Some further commentary:

• wrt (i), the normal form would be something like: struct { LHS map[Expr]int; RHS int }. The mere act of parsing into this normal form produces a stronger set of simplifications than assert.go's simplify function can perform: for example, it can simplify terms like (x + y) - x down to y.

• wrt (ii), note that most LP solvers can produce an "infeasibility certificate", i.e. exactly the linear inequality needed to prove a theorem as a linear combination of the hypotheses as described in (ii). The existence of a certificate, allows separating into two Wuffs compilation modes: a "checker" mode which requires that all assertions have certificates present, i.e. specify the linear combinations of other assertions that prove this assertion; and a separate "LP-solver" mode which produces such certificates for the assertions in the code which don't have them already. This split into modes allows the "checker" to be very fast and simple. Happily, the LP solver does not need to be part of the trusted computing base.

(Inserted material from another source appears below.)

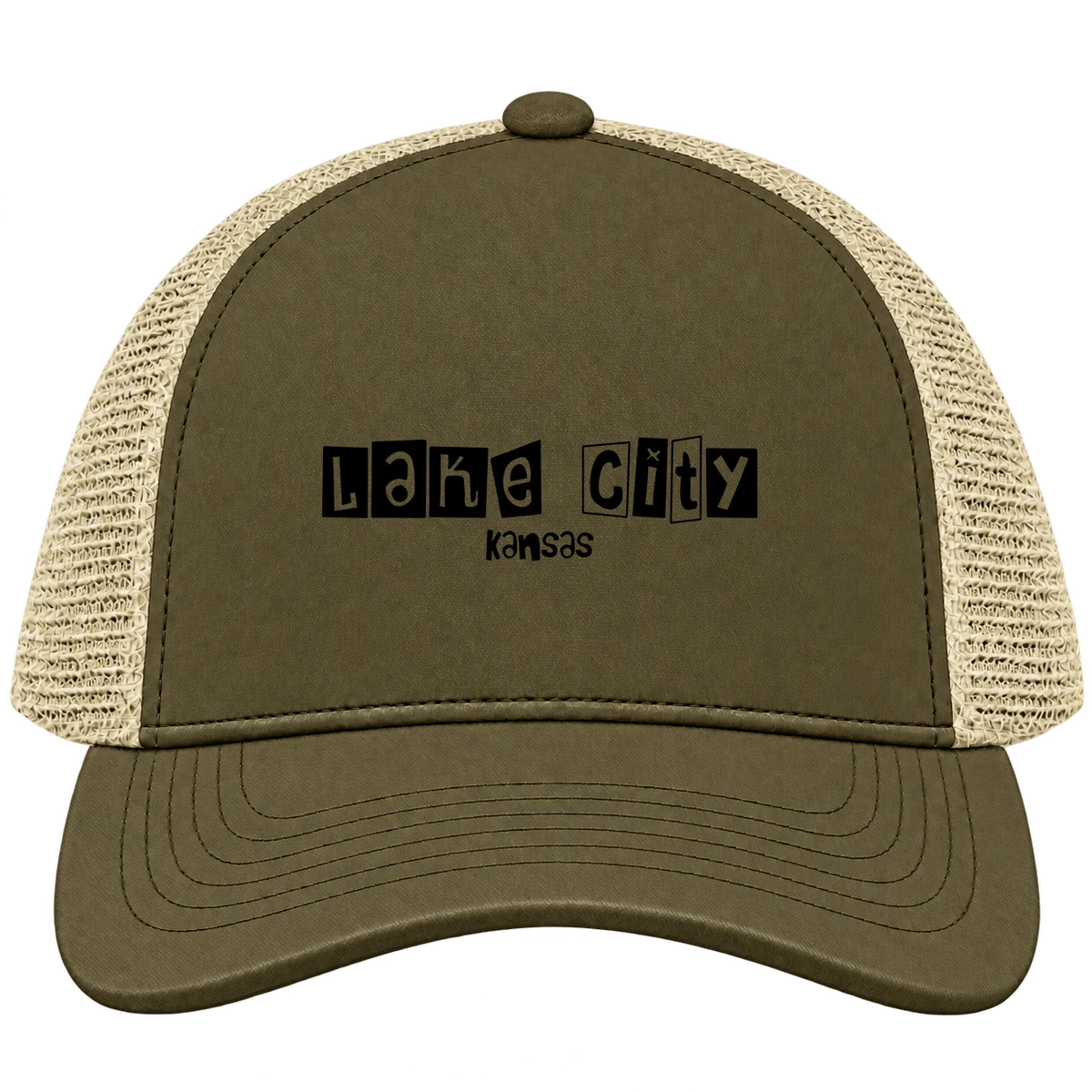 Lake City, Kansas Hometown Trucker Cap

• Wrt (iii), even though the theorems we're talking about are integer-linear inequalities, I'm suggesting here to use the real relaxation (LP) rather than modeling it as an integer linear programming (ILP) problem. The latter is NP-hard to decide; the former is polynomial-time to decide.

• Wrt (iii): I would guess that on small problems like the theorems in Wuffs programs, the LP solvers are extremely fast -- likely meeting your compile time goal of "subsecond" by far. That said, I haven't done the exercise of writing out the theorem statements from an actual Wuffs program and timing the solver on them.

[nigeltao]

That's a very interesting comment. I hadn't thought of canonicalizing to integer-linear form but it makes sense.

Re-doing the axioms system isn't a short-term priority, but I'll keep thinking about it. Thanks!